═════ Material provided ═════
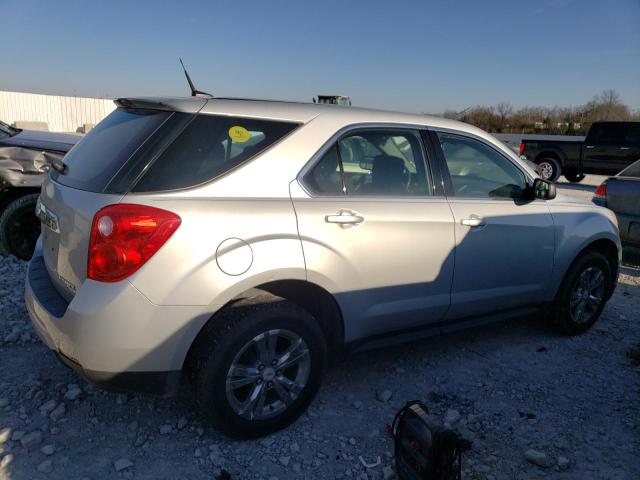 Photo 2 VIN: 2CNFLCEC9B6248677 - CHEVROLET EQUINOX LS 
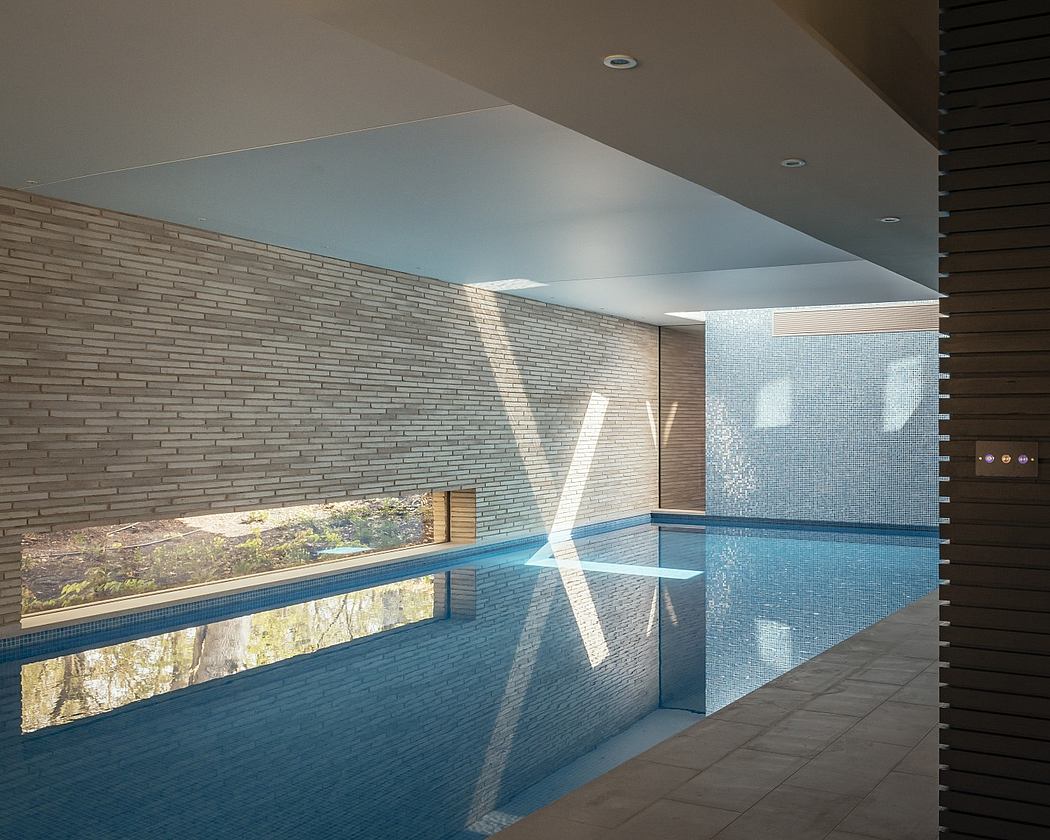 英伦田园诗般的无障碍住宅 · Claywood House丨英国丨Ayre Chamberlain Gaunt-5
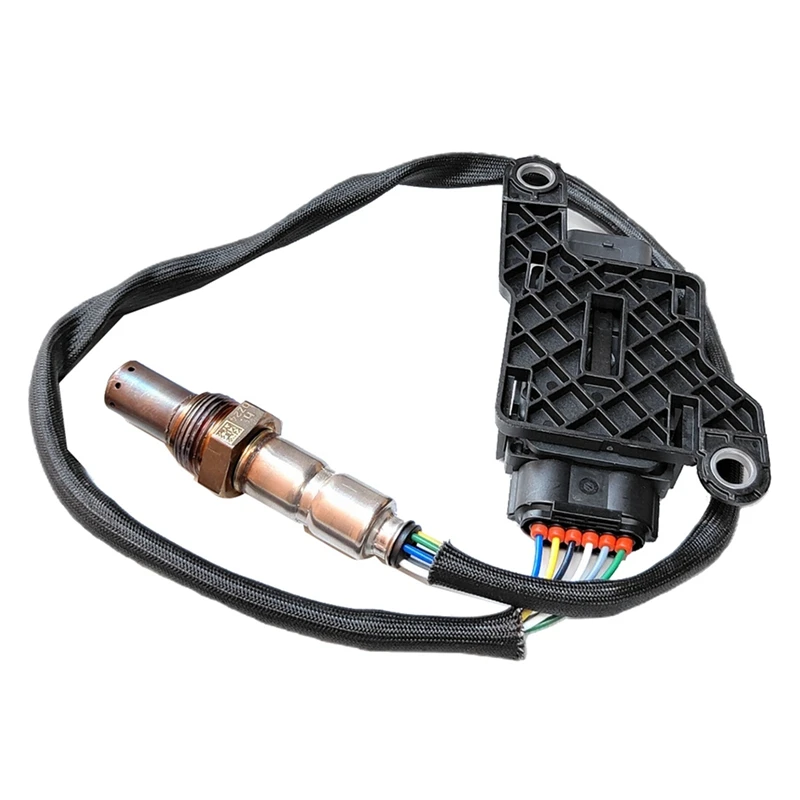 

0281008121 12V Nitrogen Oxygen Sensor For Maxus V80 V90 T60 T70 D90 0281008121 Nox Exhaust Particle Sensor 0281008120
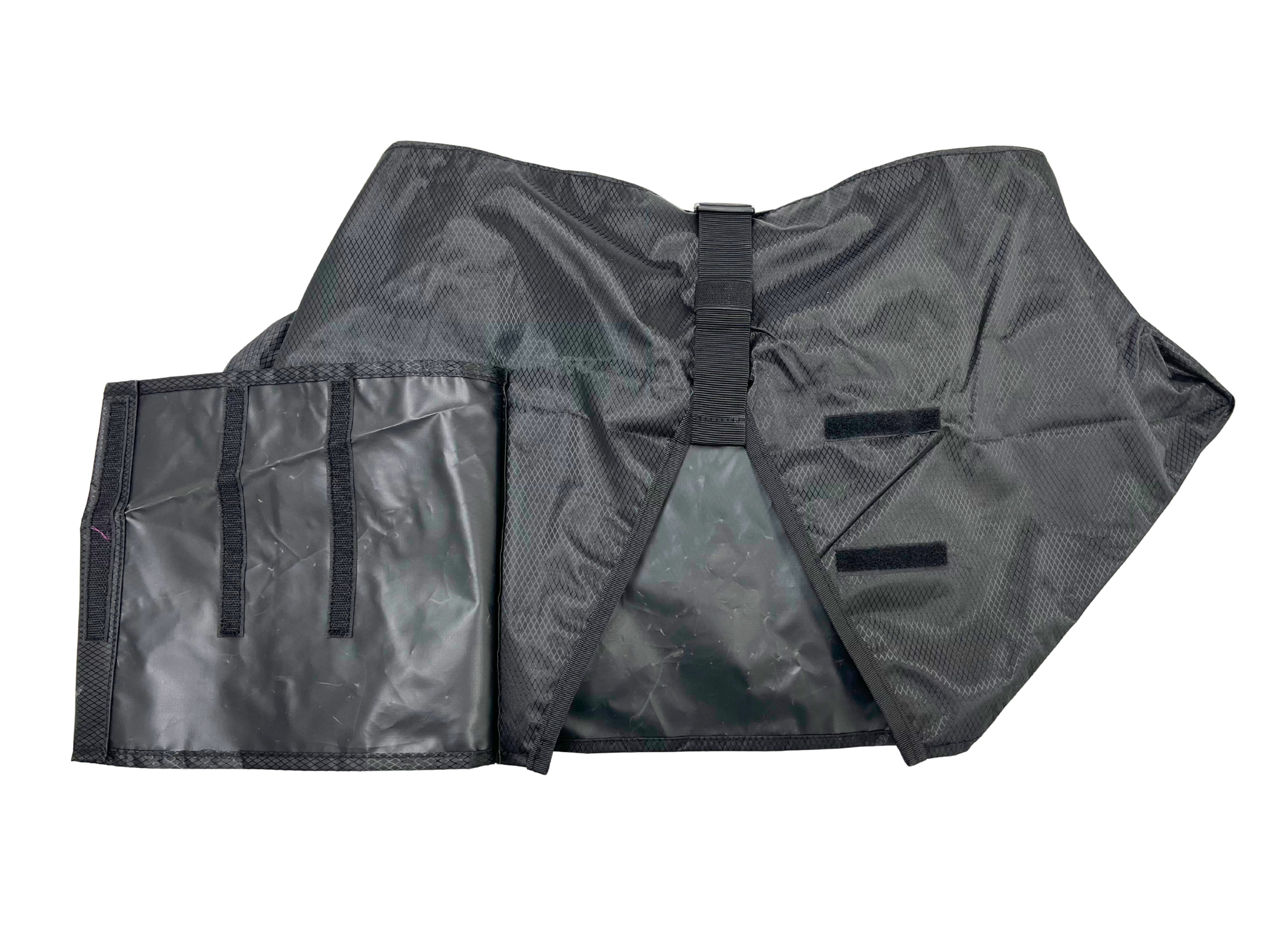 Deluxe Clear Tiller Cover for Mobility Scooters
═════
**Requirement:** Please give all of the data again, exact and free of pictures.

**Solution to the problem:**
 Photo 2 VIN: 2CNFLCEC9B6248677 - CHEVROLET EQUINOX LS 
 英伦田园诗般的无障碍住宅 · Claywood House丨英国丨Ayre Chamberlain Gaunt-5

0281008121 12V Nitrogen Oxygen Sensor For Maxus V80 V90 T60 T70 D90 0281008121 Nox Exhaust Particle Sensor 0281008120
 Deluxe Clear Tiller Cover for Mobility Scooters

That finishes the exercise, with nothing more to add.